Work task: In this exercise, copy exactly the lines from the one that contains "Photo Venelles, T2" through the end of the entries below; pictures are not copied.

Records for the exercise:
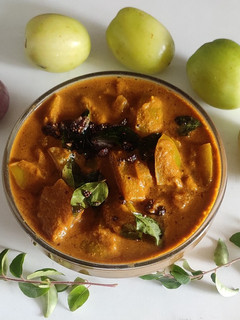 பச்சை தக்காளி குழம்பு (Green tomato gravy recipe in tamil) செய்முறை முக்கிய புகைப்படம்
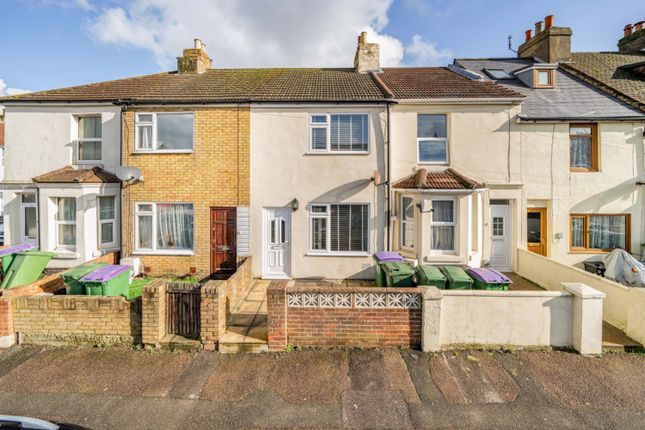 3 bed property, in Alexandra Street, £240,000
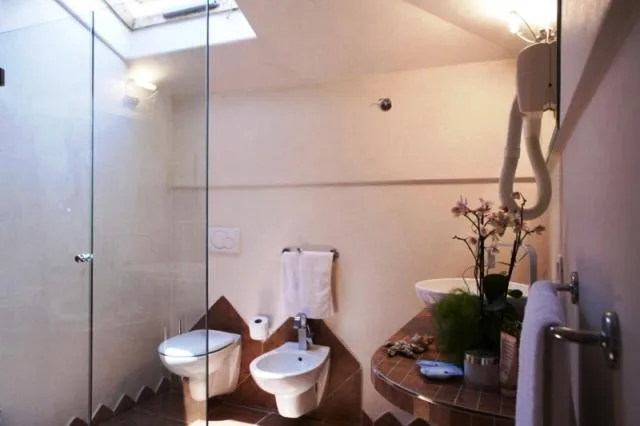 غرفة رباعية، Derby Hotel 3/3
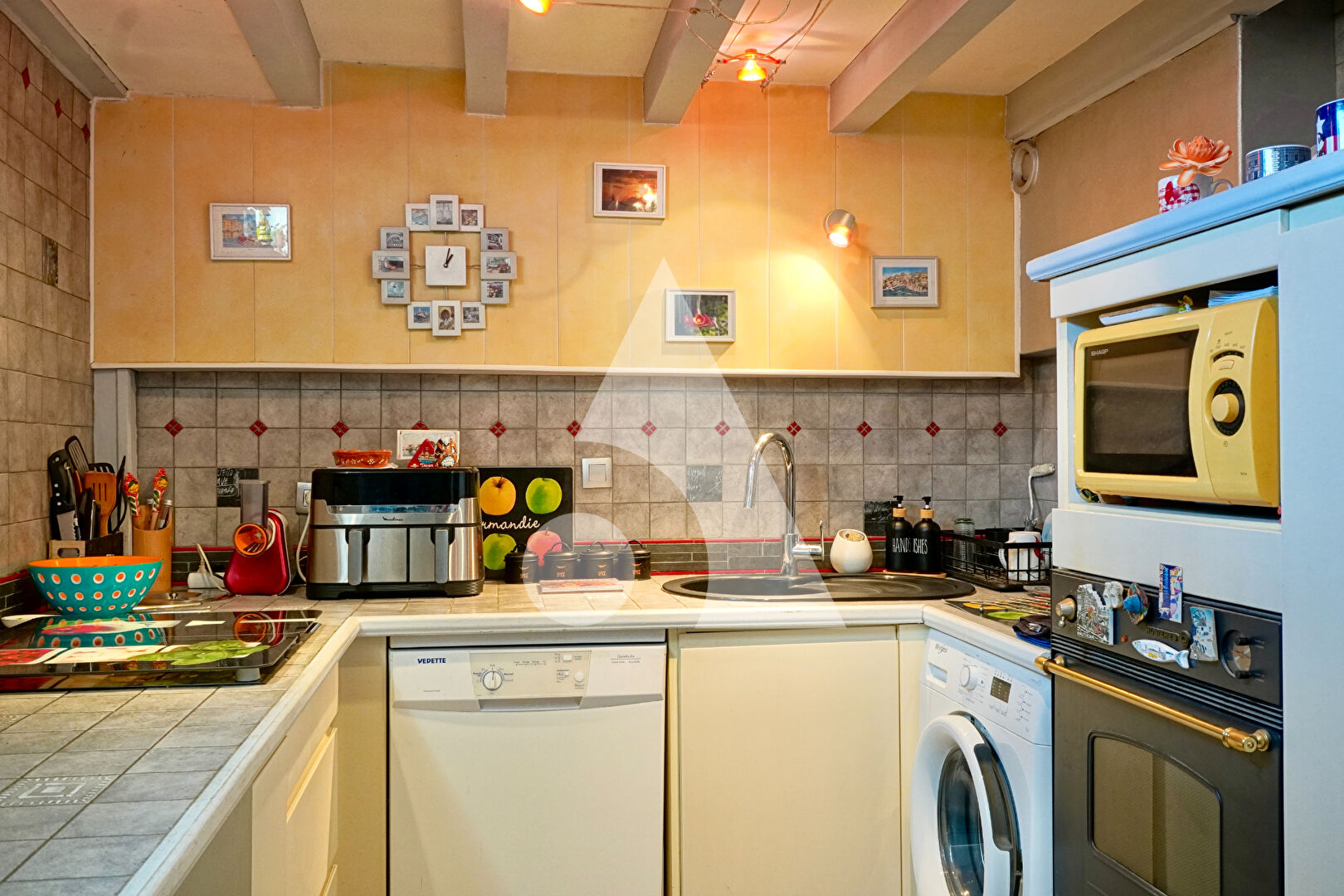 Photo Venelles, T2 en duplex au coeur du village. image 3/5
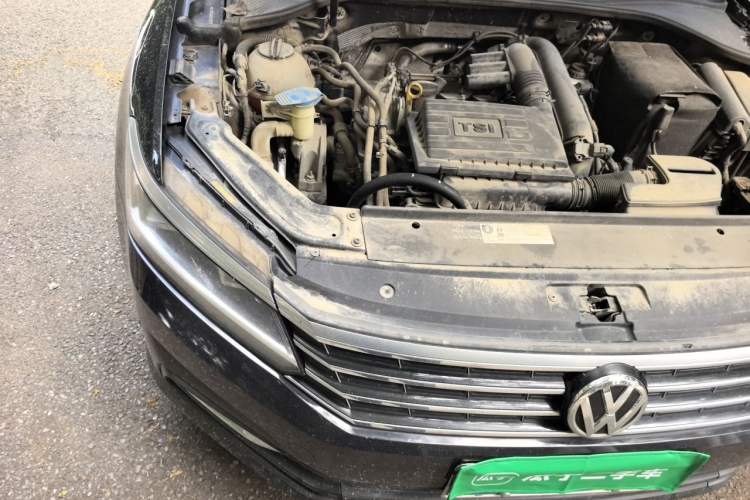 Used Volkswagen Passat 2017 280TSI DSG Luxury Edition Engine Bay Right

Output below:
 Photo Venelles, T2 en duplex au coeur du village. image 3/5
 Used Volkswagen Passat 2017 280TSI DSG Luxury Edition Engine Bay Right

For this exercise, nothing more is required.